THE INPUT ->
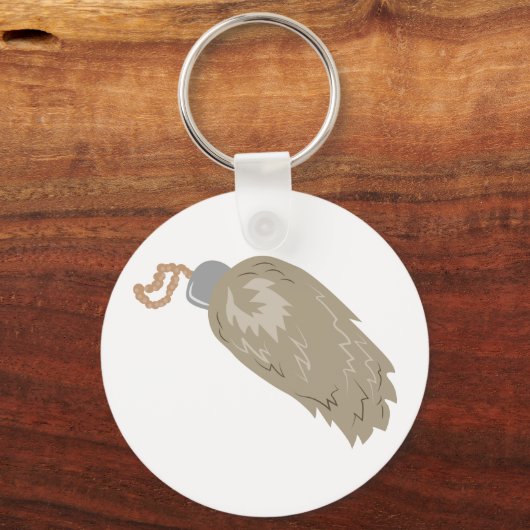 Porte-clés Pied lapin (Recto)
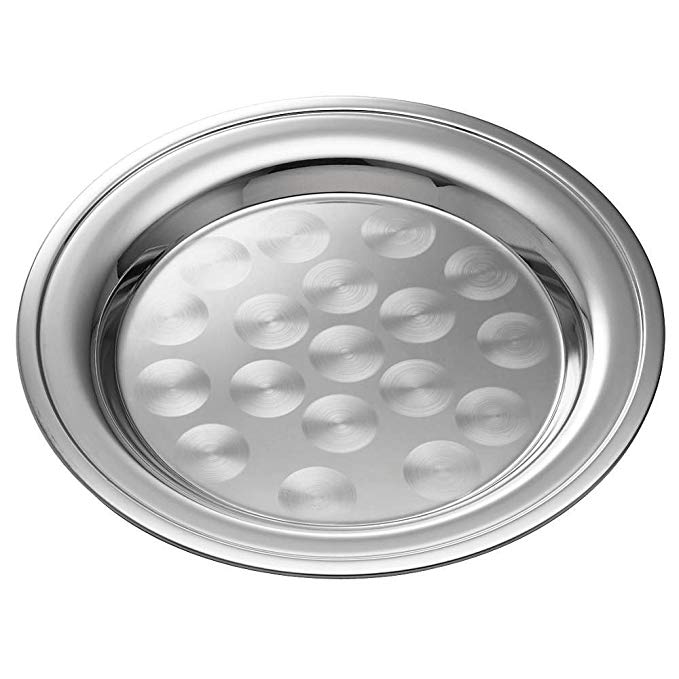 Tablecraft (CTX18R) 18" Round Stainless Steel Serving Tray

* * *

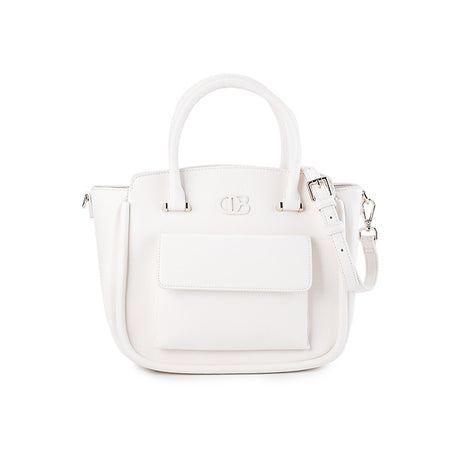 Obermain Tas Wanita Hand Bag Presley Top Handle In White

WORK REQUIRED ->
A word-for-word reproduction is needed of the lines above from the line containing "Porte-clés Pied lapin (Recto)" through the line containing "Steel Serving Tray", with both ends kept and no pictures.

OUTPUT OF THE EXERCISE ->
 Porte-clés Pied lapin (Recto)
 Tablecraft (CTX18R) 18" Round Stainless Steel Serving Tray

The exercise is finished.